▶ [Source data]:

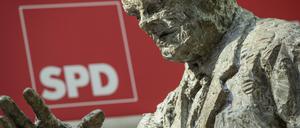 Die Statue von Willy Brandt im Willy-Brandt-Haus nach einer Pressekonferenz von Martin Schulz am 11. September 2017. PK von Martin Schulz in Berlin *** the Statue from Willy Brandt in Willy Brandt House after a Press conference from Martin Schulz at 11 September 2017 press conference from Martin Schulz in Berlin  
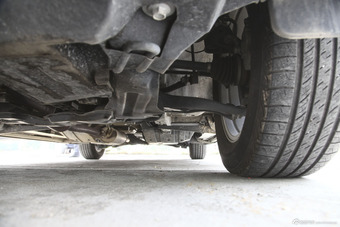 2015款哈弗H6升级版1.5T手动两驱尊贵型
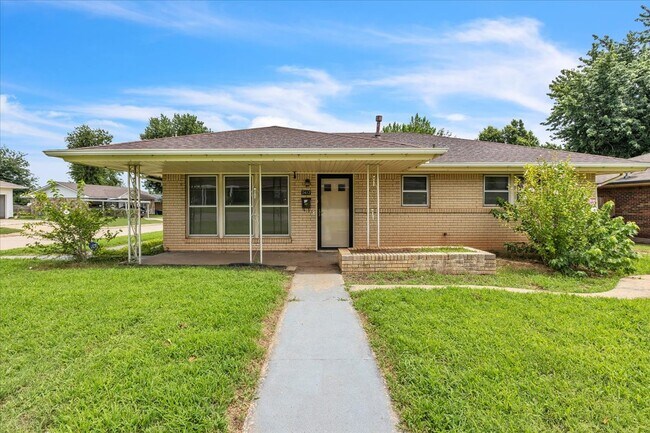 Building Photo - 2412 N Key Blvd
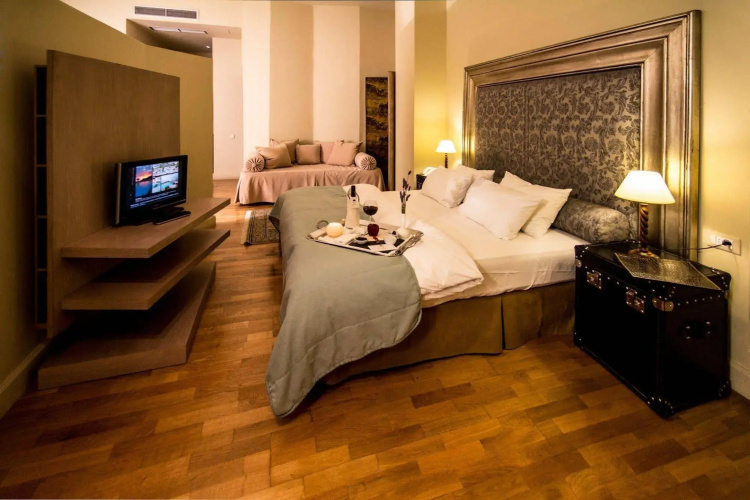 Mabely Grand Hotel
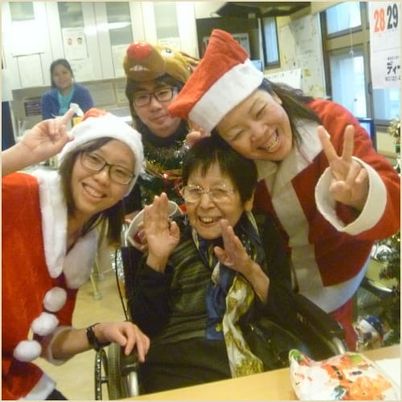 笑顔の職員と来訪者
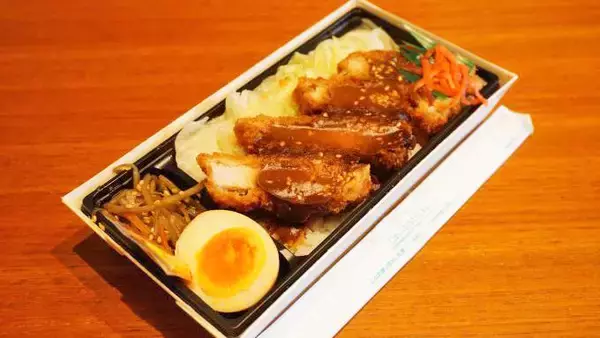 「東京駅「江戸甘味噌かつ弁当」(850円)～駅弁はスマホで予約！ サクッと受け取り!!」の画像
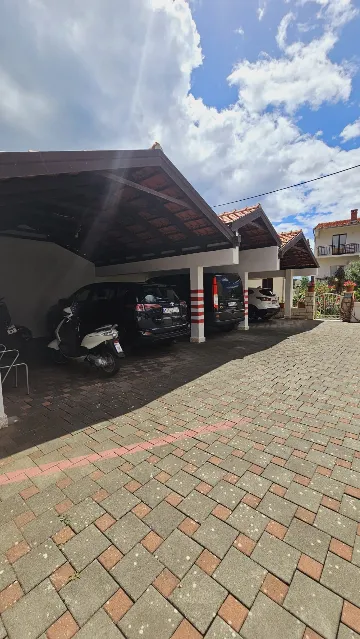 2-Bedroom Apartment in Primošten with Parking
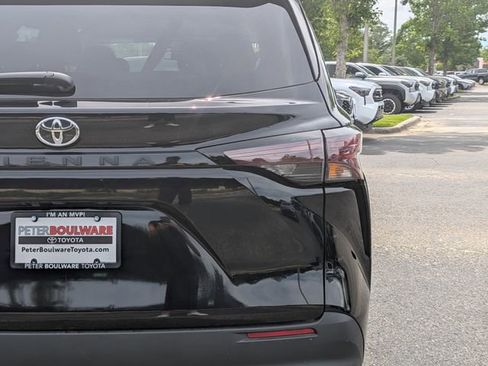 Used 2026 Toyota Sienna LE FWD image 5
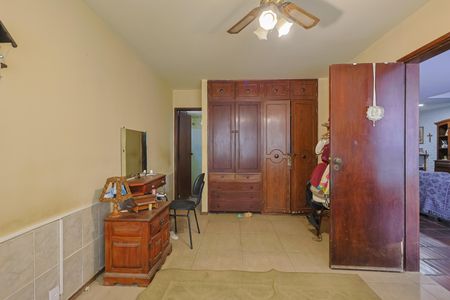 Casa à venda com 390m², 6 quartos e 6 vagasSuíte 2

▶ [Task to complete]:
Beginning at the line with "Mabely Grand Hotel", reproduce each line exactly through the last line of the records above, with pictures left out.

▶ [Solution to this exercise]:
 Mabely Grand Hotel
 笑顔の職員と来訪者
 「東京駅「江戸甘味噌かつ弁当」(850円)～駅弁はスマホで予約！ サクッと受け取り!!」の画像
 2-Bedroom Apartment in Primošten with Parking
 Used 2026 Toyota Sienna LE FWD image 5
 Casa à venda com 390m², 6 quartos e 6 vagasSuíte 2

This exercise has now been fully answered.